Most parking spots might cost you nothing, but parking is never really free. We just pay for it in ways that are completely divorced from our actual consumption of parking.
Instead of paying directly for parking, the costs are almost always bundled into the price of other things we consume. These costs are very real -- it takes a lot of land, material, and labor to build and maintain parking spaces -- but in the name of cheap driving, we've made them invisible. Everything else costs more so that driving can cost less.
Pricing a good this way produces what economists call a market distortion. Because the price of parking is hidden, Americans purchase more parking than we would if we paid for it directly.
Let's say, for example, that the rent for an apartment also includes a parking space that costs $100 a month. The parking appears to be free, but if the rent was reduced by $100 a month and the parking was sold separately, how many people would still pay for it? Some would choose to pay for car storage and others would not -- the net result would be less parking consumption than when the price of parking is hidden.
All these hidden parking costs add up to a huge subsidy for cars and driving.
In a new report, Todd Litman, a transportation economist who studies the effects of subsidies for parking and roads at the Victoria Transport Policy Institute in British Columbia, estimates that the annualized cost of land, construction, maintenance, and operations per parking space in the U.S. comes out to $600 [PDF]. Since there are about four parking spaces per vehicle in America, the cost per car is $2,400 each year.
But most parking is "free," so Americans only spend about $85 annually on parking per vehicle, according to Litman, meaning the annual parking subsidy per vehicle is more than $2,300. That exceeds what Americans spend on fuel.
"The implications are huge," Litman told Streetsblog.
If we paid for parking directly instead, Litman projects that Americans would drive about 16 percent less.
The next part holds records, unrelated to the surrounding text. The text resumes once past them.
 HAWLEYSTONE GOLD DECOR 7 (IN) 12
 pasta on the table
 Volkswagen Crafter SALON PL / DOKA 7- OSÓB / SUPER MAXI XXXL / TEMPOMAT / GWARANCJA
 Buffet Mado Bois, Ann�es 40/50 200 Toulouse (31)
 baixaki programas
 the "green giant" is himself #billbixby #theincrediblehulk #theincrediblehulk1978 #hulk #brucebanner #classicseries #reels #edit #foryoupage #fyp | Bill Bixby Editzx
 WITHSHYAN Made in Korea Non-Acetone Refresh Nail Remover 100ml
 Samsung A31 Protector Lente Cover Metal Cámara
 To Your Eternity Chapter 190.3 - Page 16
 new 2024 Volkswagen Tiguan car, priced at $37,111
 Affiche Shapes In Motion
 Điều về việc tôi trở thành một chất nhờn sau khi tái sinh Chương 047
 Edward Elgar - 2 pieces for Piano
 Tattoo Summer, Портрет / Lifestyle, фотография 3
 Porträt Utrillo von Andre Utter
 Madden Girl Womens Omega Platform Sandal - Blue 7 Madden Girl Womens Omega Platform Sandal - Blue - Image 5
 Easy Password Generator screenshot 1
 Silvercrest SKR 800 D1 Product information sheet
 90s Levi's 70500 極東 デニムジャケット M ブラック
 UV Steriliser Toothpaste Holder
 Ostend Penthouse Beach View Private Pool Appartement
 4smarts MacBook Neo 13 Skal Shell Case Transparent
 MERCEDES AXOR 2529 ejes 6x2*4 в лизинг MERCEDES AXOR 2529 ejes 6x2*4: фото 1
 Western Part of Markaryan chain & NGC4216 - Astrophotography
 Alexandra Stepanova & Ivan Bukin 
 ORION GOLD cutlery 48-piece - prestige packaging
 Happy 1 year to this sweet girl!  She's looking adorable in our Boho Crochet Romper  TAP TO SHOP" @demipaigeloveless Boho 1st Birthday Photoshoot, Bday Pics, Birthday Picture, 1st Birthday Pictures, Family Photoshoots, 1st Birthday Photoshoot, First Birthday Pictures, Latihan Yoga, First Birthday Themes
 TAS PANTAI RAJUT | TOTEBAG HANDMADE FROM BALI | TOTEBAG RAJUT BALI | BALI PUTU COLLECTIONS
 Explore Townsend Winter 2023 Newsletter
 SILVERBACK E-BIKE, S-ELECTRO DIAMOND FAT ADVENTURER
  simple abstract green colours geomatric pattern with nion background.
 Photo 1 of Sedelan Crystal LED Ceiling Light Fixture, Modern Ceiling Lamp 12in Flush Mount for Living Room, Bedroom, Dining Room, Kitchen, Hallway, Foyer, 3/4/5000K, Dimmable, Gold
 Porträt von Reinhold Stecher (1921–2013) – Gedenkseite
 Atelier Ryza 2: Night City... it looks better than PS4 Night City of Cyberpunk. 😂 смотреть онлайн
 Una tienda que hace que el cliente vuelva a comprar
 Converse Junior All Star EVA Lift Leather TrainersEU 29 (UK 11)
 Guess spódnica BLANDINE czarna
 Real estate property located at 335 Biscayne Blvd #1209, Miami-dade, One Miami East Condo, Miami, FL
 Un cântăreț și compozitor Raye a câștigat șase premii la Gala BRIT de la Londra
That equates to about 500 billion fewer miles per year.
Transportation is now the largest source of greenhouse gas emissions in the nation. Pricing parking, on its own, could make a significant dent in the nation's carbon pollution, not to mention the terrible loss of life on the roads.
It should be noted that Litman considers this to be a conservative estimate of America's cumulative parking subsidy, which doesn't account for the full value of all on-street parking spaces or the environmental degradation caused by parking facilities. Incorporating those costs too would lead to a 20 percent reduction in traffic, he estimates.
Parking is one of the larger hidden subsidies for driving in the U.S., but it's not the only one. If America priced roads, fuel, insurance, and other components of the vehicular transportation system to account for the full costs of congestion, car crashes, infrastructure wear-and-tear, emissions, and other impacts, Litman projects that traffic would fall about 43 percent.